# Records provided
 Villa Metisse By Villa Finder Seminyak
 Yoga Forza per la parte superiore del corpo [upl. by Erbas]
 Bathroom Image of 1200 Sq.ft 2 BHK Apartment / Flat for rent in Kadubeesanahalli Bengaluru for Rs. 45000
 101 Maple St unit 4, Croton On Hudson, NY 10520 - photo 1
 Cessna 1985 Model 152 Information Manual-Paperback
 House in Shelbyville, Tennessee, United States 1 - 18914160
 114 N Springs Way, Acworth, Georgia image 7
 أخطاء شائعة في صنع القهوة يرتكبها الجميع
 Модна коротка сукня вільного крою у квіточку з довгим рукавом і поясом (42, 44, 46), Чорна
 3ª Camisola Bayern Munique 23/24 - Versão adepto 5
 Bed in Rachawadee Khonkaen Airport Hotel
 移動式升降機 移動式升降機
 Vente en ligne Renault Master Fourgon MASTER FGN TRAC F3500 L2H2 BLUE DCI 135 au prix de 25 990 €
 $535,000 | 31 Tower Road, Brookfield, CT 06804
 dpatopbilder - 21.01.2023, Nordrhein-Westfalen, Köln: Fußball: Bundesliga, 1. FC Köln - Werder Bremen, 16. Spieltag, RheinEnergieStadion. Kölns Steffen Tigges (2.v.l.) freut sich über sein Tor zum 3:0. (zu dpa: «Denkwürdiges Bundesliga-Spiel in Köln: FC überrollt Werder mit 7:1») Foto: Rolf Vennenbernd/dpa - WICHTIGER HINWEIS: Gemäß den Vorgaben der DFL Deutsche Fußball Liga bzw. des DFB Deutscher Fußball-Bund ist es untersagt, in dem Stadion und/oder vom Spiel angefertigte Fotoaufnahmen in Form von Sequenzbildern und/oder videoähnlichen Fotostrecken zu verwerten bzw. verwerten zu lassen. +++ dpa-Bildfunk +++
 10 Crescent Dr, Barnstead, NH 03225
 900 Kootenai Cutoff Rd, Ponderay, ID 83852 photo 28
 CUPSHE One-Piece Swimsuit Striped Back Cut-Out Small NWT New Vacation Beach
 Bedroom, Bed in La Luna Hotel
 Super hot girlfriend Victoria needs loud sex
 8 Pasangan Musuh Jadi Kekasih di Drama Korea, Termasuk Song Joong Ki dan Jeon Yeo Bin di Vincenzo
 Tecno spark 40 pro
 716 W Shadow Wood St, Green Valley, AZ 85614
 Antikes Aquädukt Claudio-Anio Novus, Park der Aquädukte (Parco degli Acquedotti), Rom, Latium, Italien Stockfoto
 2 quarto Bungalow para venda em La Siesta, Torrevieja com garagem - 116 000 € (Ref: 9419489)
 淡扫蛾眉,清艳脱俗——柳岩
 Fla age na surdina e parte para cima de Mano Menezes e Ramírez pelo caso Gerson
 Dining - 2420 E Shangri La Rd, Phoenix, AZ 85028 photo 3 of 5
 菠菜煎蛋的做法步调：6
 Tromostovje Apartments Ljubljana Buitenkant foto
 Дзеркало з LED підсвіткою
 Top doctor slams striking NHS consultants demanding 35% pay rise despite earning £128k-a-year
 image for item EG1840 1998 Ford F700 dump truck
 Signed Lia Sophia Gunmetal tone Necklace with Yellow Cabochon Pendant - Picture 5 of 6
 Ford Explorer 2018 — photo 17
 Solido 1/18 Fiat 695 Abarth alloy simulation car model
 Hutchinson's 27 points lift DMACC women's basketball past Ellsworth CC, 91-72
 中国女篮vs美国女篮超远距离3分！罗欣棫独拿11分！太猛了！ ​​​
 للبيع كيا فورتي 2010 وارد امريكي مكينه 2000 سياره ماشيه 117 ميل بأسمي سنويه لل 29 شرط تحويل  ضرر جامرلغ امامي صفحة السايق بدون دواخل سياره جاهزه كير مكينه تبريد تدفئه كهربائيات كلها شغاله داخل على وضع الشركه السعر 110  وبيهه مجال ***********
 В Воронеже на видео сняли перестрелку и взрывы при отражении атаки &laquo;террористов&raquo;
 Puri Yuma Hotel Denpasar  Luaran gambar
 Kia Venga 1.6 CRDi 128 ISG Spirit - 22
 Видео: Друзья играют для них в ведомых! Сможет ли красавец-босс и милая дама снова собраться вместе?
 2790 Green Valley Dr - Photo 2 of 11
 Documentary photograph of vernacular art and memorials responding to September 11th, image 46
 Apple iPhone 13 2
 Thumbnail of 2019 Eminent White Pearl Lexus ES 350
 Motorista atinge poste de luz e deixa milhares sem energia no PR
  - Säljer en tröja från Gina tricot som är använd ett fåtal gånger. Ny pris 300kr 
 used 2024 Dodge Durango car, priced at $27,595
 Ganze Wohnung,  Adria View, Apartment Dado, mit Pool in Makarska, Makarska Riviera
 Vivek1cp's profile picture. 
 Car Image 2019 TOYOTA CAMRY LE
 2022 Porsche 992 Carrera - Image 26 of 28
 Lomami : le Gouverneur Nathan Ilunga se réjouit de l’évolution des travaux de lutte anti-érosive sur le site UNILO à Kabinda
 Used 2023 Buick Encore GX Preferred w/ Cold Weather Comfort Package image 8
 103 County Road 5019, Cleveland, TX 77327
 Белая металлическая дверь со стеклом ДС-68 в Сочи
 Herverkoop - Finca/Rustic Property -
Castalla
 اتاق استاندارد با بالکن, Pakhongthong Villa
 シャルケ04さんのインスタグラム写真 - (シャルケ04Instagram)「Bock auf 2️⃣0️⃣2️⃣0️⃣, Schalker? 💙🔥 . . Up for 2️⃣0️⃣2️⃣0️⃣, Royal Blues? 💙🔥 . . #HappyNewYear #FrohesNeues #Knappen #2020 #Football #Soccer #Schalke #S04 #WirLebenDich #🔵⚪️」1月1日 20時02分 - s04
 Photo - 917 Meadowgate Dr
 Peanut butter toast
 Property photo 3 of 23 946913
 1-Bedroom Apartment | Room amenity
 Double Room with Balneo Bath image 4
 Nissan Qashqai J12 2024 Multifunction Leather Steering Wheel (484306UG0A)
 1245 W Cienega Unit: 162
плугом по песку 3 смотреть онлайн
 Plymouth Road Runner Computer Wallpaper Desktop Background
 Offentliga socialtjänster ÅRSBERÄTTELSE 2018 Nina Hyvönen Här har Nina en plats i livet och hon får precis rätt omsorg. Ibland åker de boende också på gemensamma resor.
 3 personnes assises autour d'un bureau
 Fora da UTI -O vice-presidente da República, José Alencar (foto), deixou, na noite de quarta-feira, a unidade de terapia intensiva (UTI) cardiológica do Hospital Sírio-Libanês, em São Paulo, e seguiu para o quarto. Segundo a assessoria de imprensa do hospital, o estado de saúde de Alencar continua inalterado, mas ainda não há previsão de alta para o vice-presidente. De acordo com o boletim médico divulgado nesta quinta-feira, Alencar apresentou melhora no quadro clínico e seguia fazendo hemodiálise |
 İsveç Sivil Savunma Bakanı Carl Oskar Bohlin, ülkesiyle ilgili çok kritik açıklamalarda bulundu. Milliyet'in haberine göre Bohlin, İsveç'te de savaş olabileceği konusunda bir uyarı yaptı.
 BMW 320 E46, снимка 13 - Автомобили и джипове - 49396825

# Exercise goal
Return a word-for-word copy of the lines above from the one holding "Thumbnail of 2019" through the one holding "Car Image 2019 TOYOTA CAMRY LE", with both of them included and nothing besides.

# Completed exercise
 Thumbnail of 2019 Eminent White Pearl Lexus ES 350
 Motorista atinge poste de luz e deixa milhares sem energia no PR
  - Säljer en tröja från Gina tricot som är använd ett fåtal gånger. Ny pris 300kr 
 used 2024 Dodge Durango car, priced at $27,595
 Ganze Wohnung,  Adria View, Apartment Dado, mit Pool in Makarska, Makarska Riviera
 Vivek1cp's profile picture. 
 Car Image 2019 TOYOTA CAMRY LE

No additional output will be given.